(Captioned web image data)
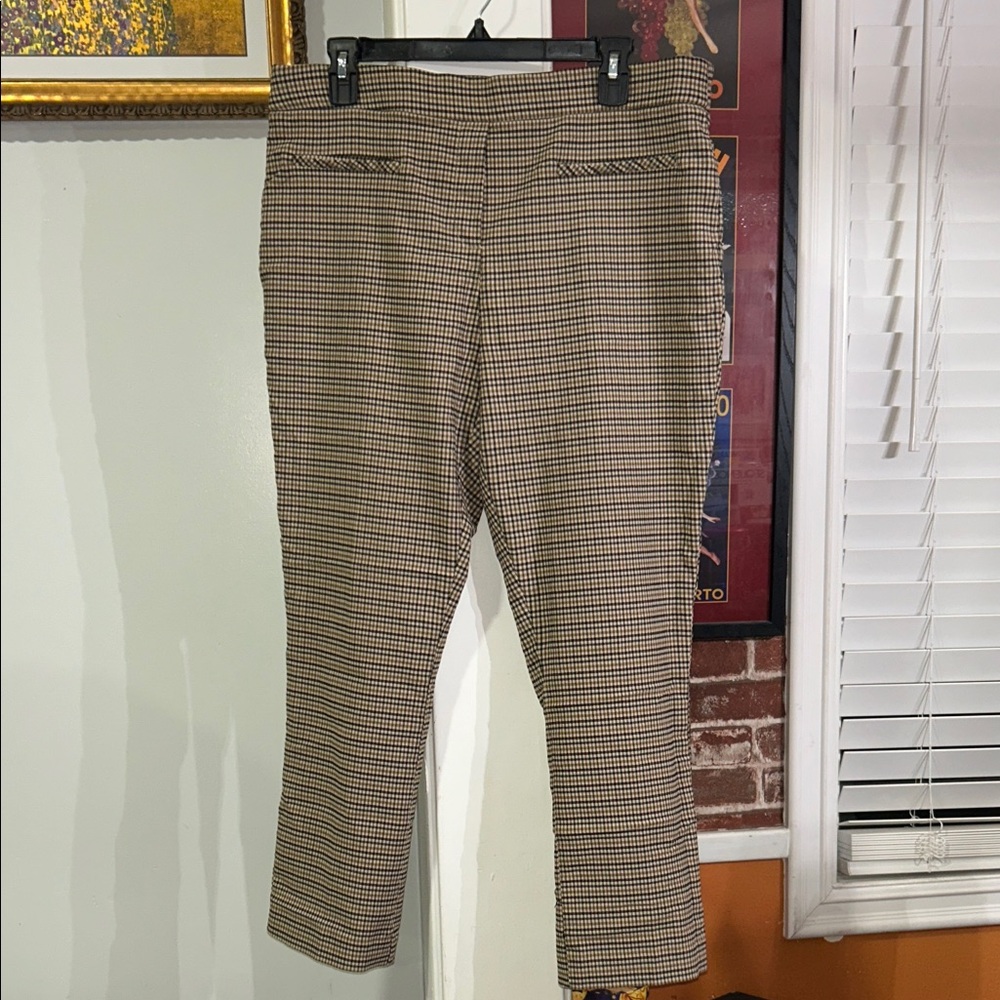 Jules & Leopold Brown Houndstooth Slim Dress Pants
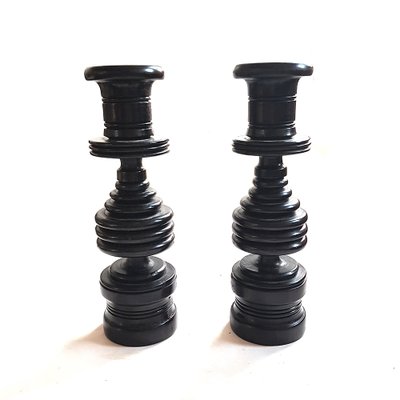 Ebony Turned Wood Candlesticks, Set of 2-NUX-1259710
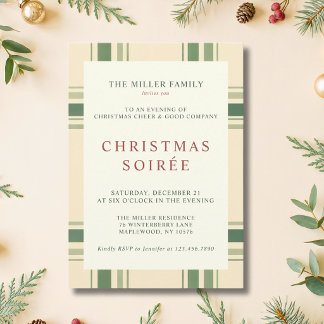 Elegant Heritage Green Plaid Christmas Party Invitation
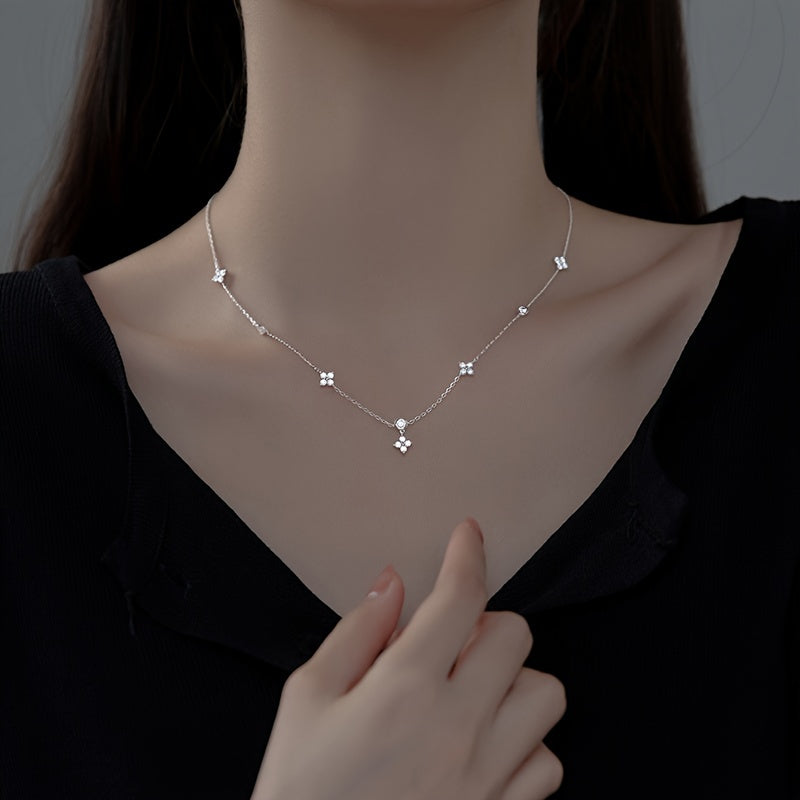Sterling Silver Snowflake Necklace for Women with Zirconia Gift for Valentine's Day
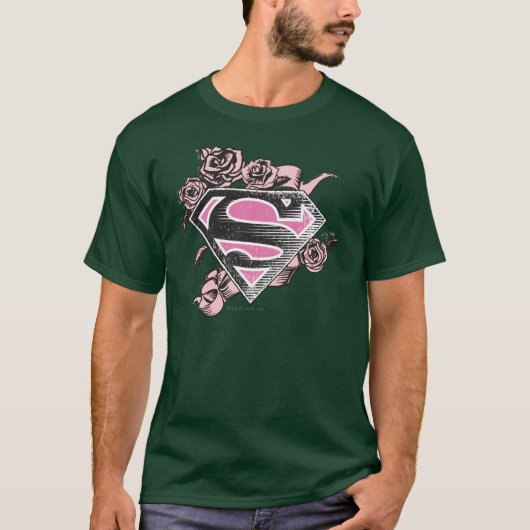 Supergirl Logo met Rozen T-shirt (Voorkant)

◆ **WORK ITEM**
Without the pictures, restate each entry exactly.

◆ **THE ANSWER**
 Jules & Leopold Brown Houndstooth Slim Dress Pants
 Ebony Turned Wood Candlesticks, Set of 2-NUX-1259710
 Elegant Heritage Green Plaid Christmas Party Invitation
Sterling Silver Snowflake Necklace for Women with Zirconia Gift for Valentine's Day
 Supergirl Logo met Rozen T-shirt (Voorkant)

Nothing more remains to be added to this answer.